THE INPUT Block Start

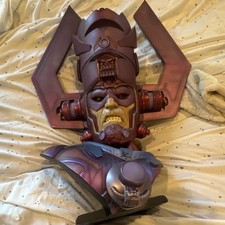 Galactus Statue picture
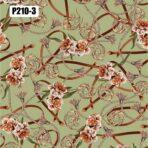 AdaHome Eyelet Curtains Collection Available in a Variety of Martials and Multicoloured - Code P210 - Image 12
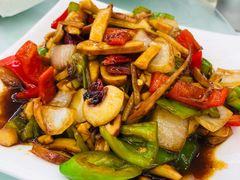 -渔中舟海鲜大排档(普陀沈家门店)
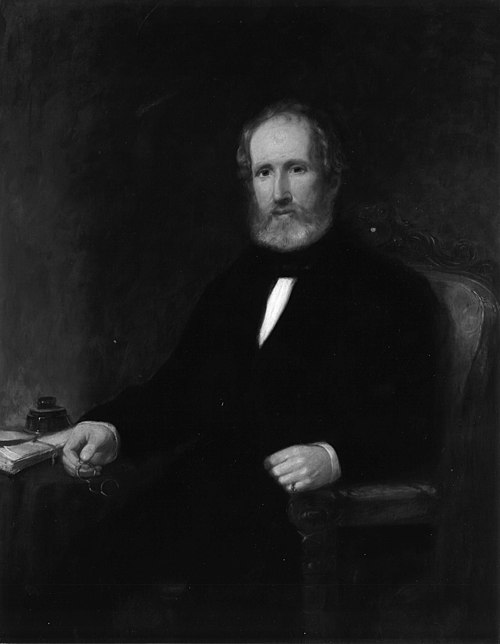 Alexander N. Fullerton, 1865, James Grellier Forbes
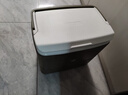 欧宝森冰晶盒4个装400ml 制冷蓝冰 空调扇蓄冷冰盒冰砖冰排食品母乳保鲜 实拍图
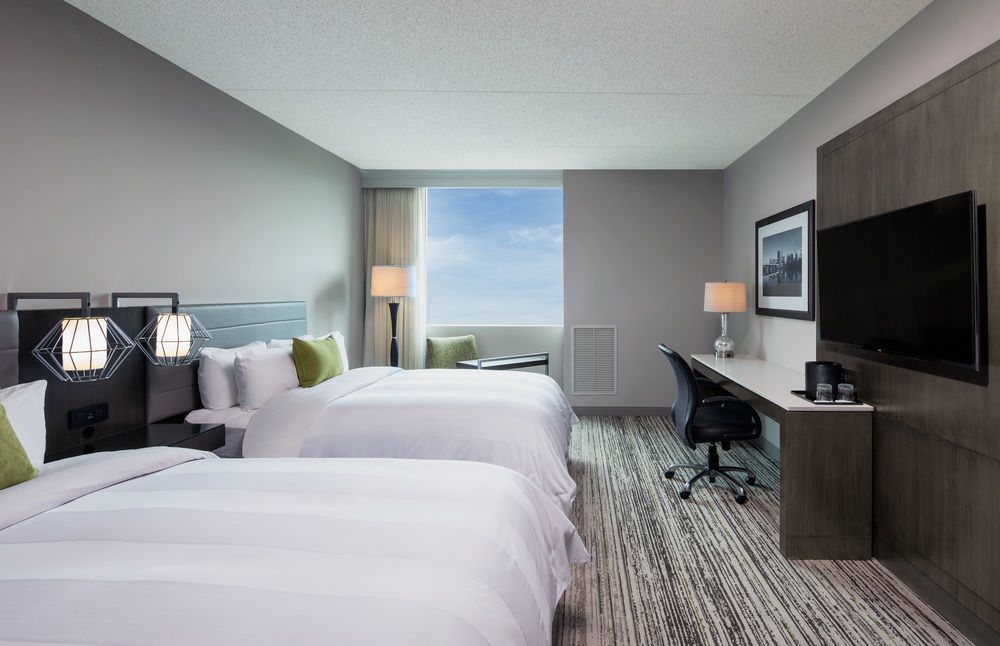 Marriott Cincinnati Northeast Mason Exterior photo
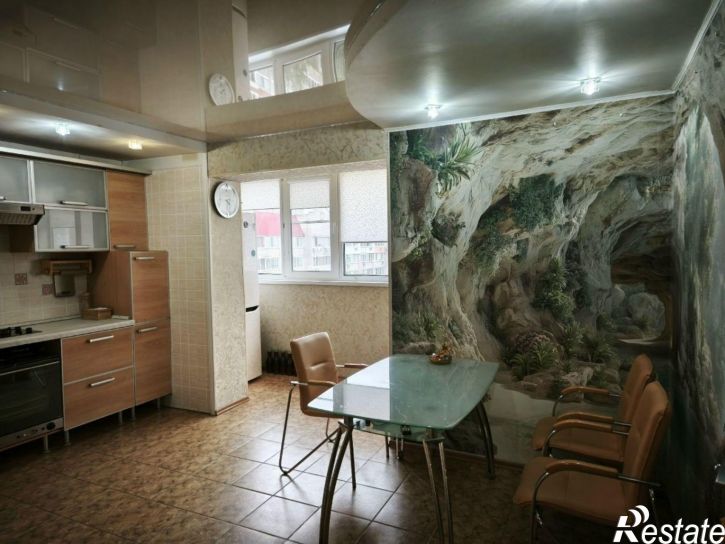 3-комн квартира Коломинская улица, 25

THE INPUT Block End

Everything in the data except the pictures needs to be written out exactly.

 Galactus Statue picture
 AdaHome Eyelet Curtains Collection Available in a Variety of Martials and Multicoloured - Code P210 - Image 12
 -渔中舟海鲜大排档(普陀沈家门店)
 Alexander N. Fullerton, 1865, James Grellier Forbes
 欧宝森冰晶盒4个装400ml 制冷蓝冰 空调扇蓄冷冰盒冰砖冰排食品母乳保鲜 实拍图
 Marriott Cincinnati Northeast Mason Exterior photo
 3-комн квартира Коломинская улица, 25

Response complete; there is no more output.